■ **WHAT THE EXERCISE ASKS**
Each line, starting at the one with "Fans attend the" and running to the end of the data below, is to be set down again exactly, both ends included; leave pictures out.
___ RECORDS FOR PROCESSING ___
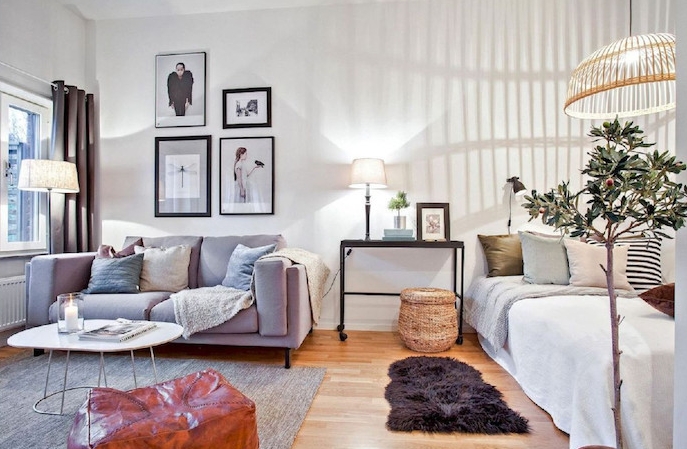aménagement studio 30 m2, chambre à coucher avec lit à côté d un petit salon scandinave nordique avec canapé, table basse scandinave, tapis gris, mur de cadres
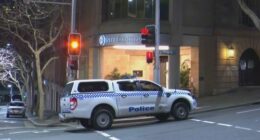 A woman has been charged with allegedly stabbing her coworker with scissors in what police have described as a﻿ "frenzied" attack at a luxury hotel in Sydney CBD.
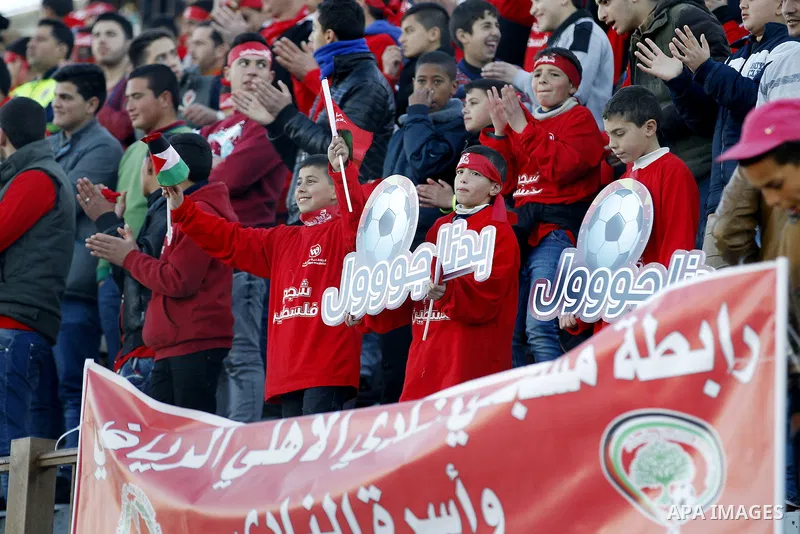 Fans attend the crucial AFC Champions League Playoff phase football match between Palestinian's Ahly Al-Khalil football team and FC Khujand team at Dura Stadium in the West Bank city of Hebron on Feb. 09, 2016. Mahmoud W...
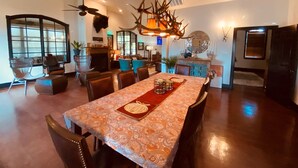 A spacious dining area with a large table, chairs, and a chandelier. - Happy Trails Cowboy Cabin HOT TUB POOL on 12 ac (Bandera)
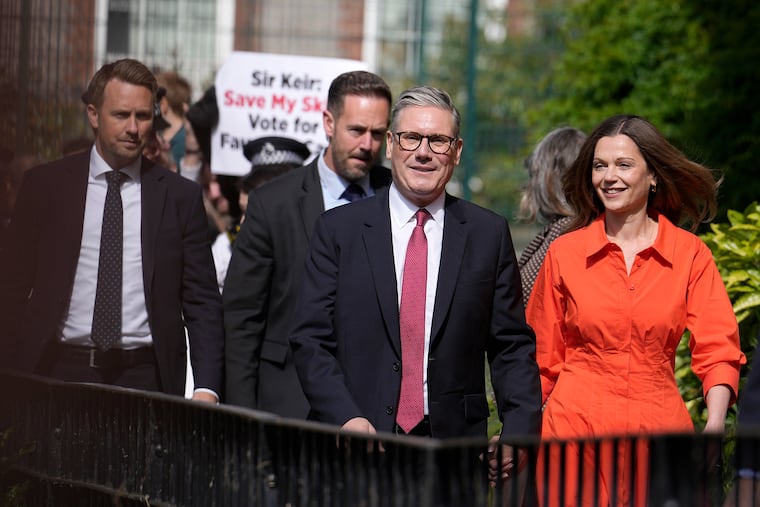 Labour Party leader Keir Starmer (center) and wife Victoria arrive at a polling station to cast their vote in London on Thursday. Starmer is likely to be Britain's next prime minister.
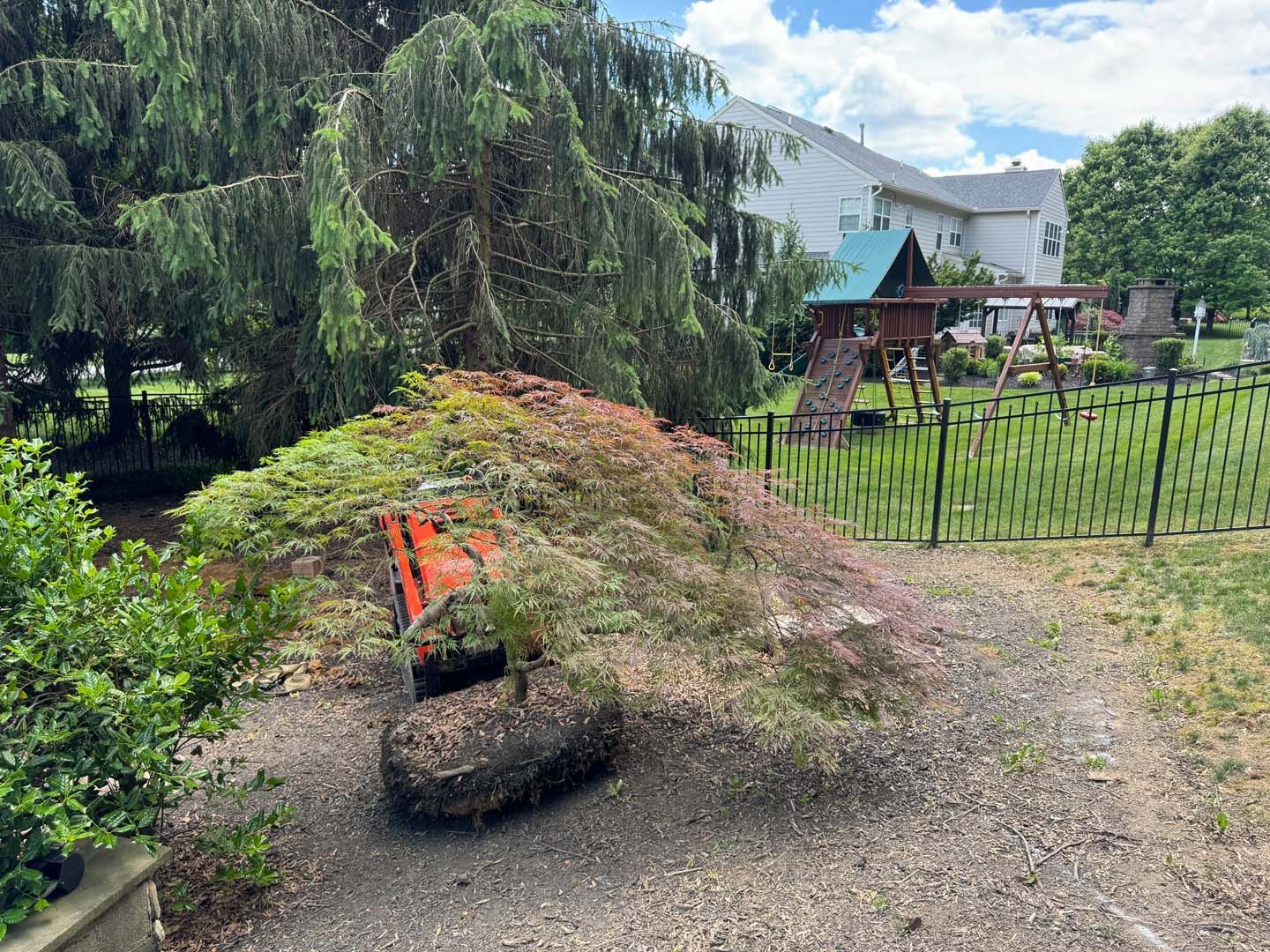 A large pile of dirt is sitting in the middle of a yard.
___
■ **ANSWER**
 Fans attend the crucial AFC Champions League Playoff phase football match between Palestinian's Ahly Al-Khalil football team and FC Khujand team at Dura Stadium in the West Bank city of Hebron on Feb. 09, 2016. Mahmoud W...
 A spacious dining area with a large table, chairs, and a chandelier. - Happy Trails Cowboy Cabin HOT TUB POOL on 12 ac (Bandera)
 Labour Party leader Keir Starmer (center) and wife Victoria arrive at a polling station to cast their vote in London on Thursday. Starmer is likely to be Britain's next prime minister.
 A large pile of dirt is sitting in the middle of a yard.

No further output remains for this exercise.